The problem: Every line in the records below between the one holding "We will be closed" and the one holding "Gorham with Other", inclusive, is to be set down exactly; all other lines are to be left out.

Information supplied:
....
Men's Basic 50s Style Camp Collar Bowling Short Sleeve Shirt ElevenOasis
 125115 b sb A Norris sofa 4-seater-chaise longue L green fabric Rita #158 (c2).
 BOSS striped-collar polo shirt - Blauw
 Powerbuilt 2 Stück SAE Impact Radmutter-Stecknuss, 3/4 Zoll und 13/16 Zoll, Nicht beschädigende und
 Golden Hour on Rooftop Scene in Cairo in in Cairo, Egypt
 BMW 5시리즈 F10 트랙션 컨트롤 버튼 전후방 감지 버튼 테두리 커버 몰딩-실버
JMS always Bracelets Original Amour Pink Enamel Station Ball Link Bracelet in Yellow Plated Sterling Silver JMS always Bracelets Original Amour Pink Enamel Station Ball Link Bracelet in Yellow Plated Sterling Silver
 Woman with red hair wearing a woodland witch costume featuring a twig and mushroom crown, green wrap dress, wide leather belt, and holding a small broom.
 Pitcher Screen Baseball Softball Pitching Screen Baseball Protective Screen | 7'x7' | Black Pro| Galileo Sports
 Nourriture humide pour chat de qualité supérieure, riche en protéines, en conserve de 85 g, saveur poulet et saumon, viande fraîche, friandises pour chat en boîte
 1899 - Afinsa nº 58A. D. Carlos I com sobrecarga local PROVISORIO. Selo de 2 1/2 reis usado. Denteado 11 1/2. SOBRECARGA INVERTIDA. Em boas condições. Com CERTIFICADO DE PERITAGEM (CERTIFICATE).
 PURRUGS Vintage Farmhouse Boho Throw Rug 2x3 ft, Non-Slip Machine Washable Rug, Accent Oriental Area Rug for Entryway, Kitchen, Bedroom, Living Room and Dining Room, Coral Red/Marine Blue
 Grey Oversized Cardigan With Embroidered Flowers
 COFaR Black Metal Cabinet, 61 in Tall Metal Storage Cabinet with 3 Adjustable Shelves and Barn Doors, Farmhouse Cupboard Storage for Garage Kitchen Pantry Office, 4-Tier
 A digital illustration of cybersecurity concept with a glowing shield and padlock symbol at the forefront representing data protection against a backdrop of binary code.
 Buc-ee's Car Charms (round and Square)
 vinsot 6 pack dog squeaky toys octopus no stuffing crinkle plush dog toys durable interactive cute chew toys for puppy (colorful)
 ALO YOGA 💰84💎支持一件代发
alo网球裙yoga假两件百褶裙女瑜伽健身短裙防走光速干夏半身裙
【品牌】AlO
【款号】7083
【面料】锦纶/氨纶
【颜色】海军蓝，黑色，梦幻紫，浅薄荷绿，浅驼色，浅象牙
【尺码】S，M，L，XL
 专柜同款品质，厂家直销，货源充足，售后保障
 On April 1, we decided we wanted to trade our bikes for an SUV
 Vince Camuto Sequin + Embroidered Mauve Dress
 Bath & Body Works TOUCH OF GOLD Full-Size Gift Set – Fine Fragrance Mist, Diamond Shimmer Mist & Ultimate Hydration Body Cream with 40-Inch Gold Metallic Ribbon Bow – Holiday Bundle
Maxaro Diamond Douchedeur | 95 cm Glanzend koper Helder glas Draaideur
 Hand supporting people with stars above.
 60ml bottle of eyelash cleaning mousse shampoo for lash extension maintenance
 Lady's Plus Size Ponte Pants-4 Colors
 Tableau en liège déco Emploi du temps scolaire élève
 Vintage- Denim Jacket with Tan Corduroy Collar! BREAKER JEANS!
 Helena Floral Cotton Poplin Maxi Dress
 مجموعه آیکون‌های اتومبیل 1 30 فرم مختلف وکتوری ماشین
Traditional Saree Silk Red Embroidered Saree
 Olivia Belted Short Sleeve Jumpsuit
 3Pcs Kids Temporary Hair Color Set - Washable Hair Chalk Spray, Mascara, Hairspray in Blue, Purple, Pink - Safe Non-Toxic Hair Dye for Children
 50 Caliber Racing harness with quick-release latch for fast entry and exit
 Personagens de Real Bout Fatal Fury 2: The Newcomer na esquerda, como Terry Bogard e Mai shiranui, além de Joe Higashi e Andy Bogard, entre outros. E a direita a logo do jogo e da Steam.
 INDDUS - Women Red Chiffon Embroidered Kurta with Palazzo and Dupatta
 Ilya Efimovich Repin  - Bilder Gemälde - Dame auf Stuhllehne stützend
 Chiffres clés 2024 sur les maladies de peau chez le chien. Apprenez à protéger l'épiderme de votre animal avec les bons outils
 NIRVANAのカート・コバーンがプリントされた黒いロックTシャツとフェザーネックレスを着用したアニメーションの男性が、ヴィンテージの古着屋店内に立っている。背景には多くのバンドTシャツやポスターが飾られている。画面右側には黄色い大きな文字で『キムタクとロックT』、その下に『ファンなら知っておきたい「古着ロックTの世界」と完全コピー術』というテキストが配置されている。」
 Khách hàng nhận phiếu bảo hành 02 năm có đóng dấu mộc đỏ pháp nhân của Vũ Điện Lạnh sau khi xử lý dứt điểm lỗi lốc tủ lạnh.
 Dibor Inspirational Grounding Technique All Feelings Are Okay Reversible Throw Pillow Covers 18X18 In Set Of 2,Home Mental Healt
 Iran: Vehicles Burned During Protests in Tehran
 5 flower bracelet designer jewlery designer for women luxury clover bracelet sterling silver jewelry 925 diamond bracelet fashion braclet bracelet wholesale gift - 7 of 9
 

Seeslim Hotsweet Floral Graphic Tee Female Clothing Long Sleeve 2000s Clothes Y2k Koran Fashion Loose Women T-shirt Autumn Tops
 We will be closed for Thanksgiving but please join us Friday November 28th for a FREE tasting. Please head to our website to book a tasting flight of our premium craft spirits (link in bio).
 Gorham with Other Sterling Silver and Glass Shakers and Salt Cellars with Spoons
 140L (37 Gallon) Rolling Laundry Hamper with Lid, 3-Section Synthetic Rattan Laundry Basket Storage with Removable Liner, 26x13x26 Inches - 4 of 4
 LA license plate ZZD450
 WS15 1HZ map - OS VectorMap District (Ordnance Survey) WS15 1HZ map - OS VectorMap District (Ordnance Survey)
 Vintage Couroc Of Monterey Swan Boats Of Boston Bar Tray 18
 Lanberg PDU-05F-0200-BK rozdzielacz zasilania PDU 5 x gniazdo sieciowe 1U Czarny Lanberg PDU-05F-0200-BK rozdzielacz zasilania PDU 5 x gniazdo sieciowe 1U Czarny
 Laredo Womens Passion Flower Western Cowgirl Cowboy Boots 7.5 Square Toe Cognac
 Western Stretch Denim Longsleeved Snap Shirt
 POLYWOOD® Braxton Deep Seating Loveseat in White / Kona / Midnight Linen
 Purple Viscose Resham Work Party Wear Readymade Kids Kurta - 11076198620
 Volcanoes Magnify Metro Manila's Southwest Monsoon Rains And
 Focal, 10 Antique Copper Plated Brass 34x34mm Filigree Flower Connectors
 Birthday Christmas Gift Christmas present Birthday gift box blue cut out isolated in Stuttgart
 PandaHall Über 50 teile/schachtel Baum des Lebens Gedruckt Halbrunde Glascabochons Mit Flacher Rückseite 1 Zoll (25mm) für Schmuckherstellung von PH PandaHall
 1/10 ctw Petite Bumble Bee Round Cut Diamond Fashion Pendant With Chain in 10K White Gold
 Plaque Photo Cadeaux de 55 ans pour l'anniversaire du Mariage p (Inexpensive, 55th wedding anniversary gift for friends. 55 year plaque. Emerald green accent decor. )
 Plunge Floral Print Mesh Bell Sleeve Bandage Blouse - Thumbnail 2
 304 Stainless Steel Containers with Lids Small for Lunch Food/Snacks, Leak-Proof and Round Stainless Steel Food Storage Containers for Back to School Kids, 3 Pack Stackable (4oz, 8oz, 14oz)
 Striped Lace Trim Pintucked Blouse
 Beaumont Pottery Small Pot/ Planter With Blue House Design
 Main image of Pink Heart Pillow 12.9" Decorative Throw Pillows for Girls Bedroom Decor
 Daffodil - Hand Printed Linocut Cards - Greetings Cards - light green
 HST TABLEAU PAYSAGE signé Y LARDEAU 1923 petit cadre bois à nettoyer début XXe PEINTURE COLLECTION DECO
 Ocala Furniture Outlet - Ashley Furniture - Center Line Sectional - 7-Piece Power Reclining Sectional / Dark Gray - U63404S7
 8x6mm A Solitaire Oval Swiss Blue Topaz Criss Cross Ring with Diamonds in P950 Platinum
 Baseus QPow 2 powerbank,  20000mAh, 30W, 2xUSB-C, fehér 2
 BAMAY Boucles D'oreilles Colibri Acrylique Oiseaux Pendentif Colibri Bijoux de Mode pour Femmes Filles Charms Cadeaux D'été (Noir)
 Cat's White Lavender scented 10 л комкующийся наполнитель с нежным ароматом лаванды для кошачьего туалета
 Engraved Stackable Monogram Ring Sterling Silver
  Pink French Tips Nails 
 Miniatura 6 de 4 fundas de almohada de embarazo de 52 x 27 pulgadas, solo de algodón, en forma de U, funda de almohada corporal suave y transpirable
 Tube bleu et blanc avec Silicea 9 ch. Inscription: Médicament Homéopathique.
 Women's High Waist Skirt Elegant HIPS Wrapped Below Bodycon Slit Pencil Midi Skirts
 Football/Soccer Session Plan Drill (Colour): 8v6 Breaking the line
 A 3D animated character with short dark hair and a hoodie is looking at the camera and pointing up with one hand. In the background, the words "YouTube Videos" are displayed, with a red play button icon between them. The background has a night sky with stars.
....
Answer below:
 We will be closed for Thanksgiving but please join us Friday November 28th for a FREE tasting. Please head to our website to book a tasting flight of our premium craft spirits (link in bio).
 Gorham with Other Sterling Silver and Glass Shakers and Salt Cellars with Spoons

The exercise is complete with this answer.